Leaving the pictures aside, transcribe the data below exactly.

= RECORDED DATA =
--- START ---
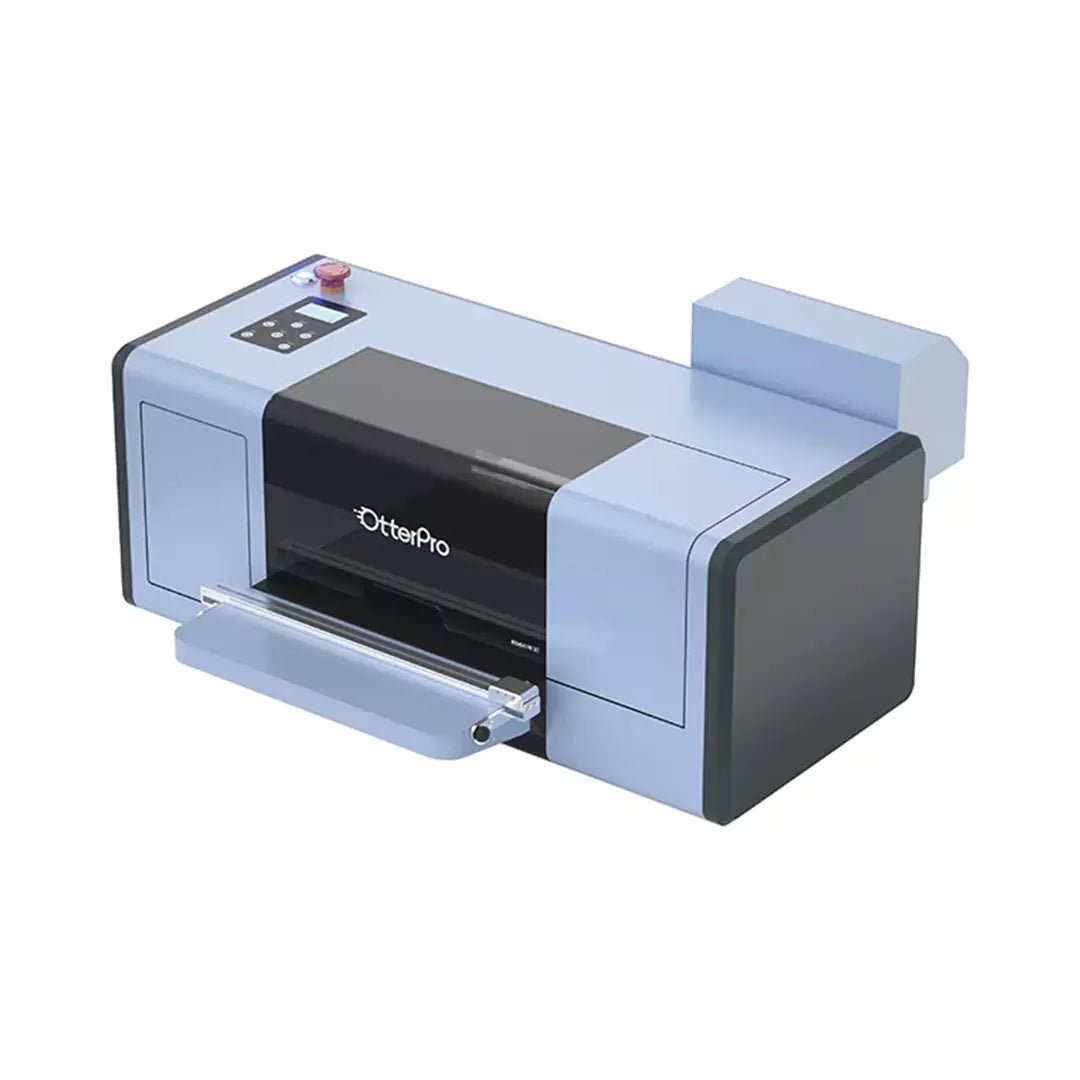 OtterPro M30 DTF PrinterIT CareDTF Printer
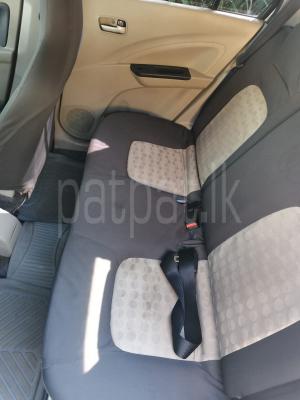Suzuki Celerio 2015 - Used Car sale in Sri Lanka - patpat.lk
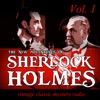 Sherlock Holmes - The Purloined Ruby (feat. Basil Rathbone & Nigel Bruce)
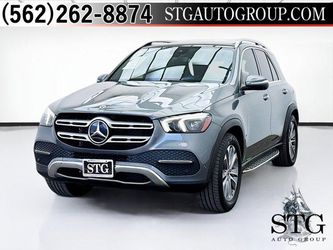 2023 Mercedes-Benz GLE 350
--- END ---
= EXERCISE SOLUTION =
 OtterPro M30 DTF PrinterIT CareDTF Printer
Suzuki Celerio 2015 - Used Car sale in Sri Lanka - patpat.lk
 Sherlock Holmes - The Purloined Ruby (feat. Basil Rathbone & Nigel Bruce)
 2023 Mercedes-Benz GLE 350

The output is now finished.